■ **EXERCISE DESCRIPTION**
Print, exactly as written, the line in the entries below that contains "LP BONEY M Ten" and every line after it up to and including the last. Omit pictures.

(Image-caption web data)
====

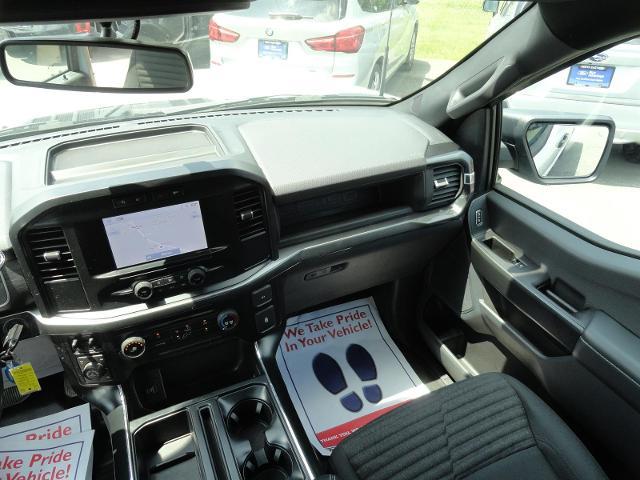 2023 Ford F-150 - $39,999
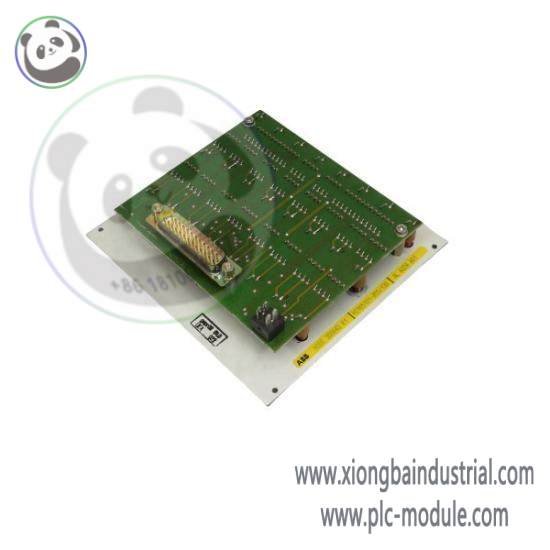 ABB 3BHL000986P7001
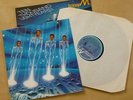 LP BONEY M Ten Thousand Lightyears 1984 GER HANSA *POSTER* EX/EX+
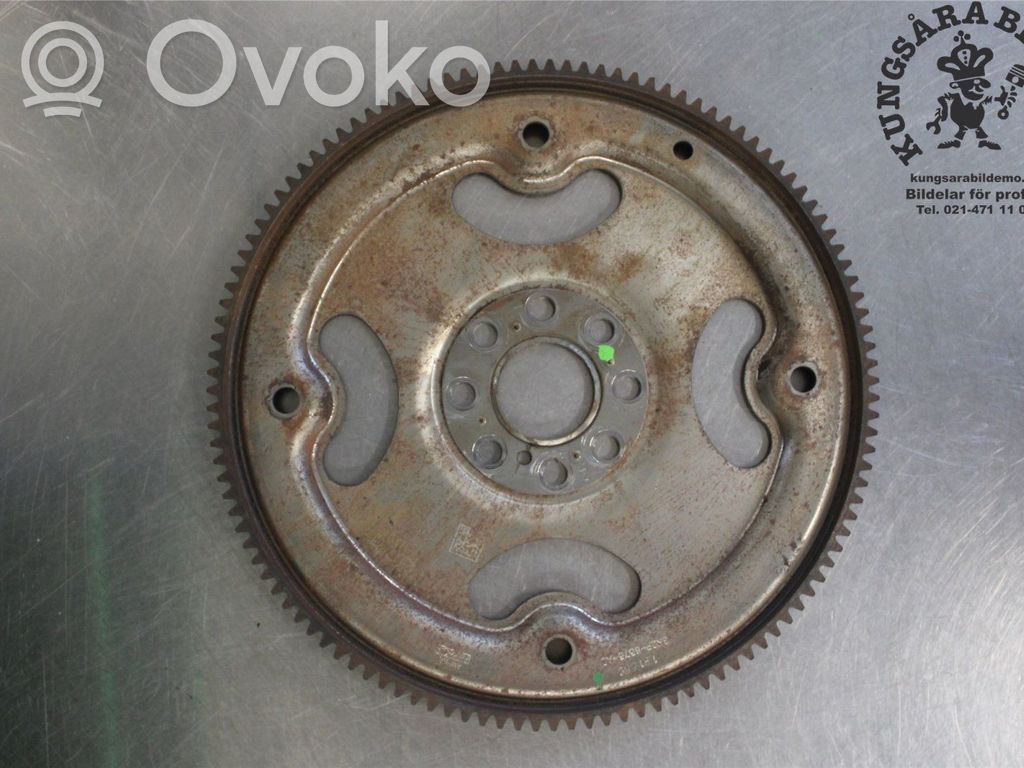 Ford Mondeo MK V Spararats 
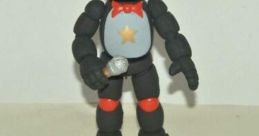 Omenaso (Mexican FNAF Youtuber)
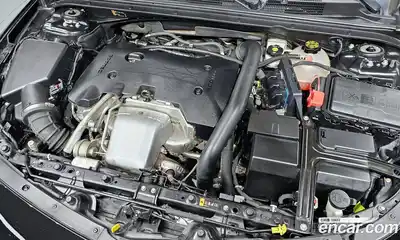 Chevrolet Malibu 2018 2.0 автомат (гидро), миниатюра 6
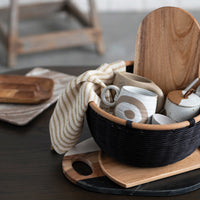 Tabla madera arco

====

■ **ANSWER BOX**
 LP BONEY M Ten Thousand Lightyears 1984 GER HANSA *POSTER* EX/EX+
 Ford Mondeo MK V Spararats 
 Omenaso (Mexican FNAF Youtuber)
 Chevrolet Malibu 2018 2.0 автомат (гидро), миниатюра 6
 Tabla madera arco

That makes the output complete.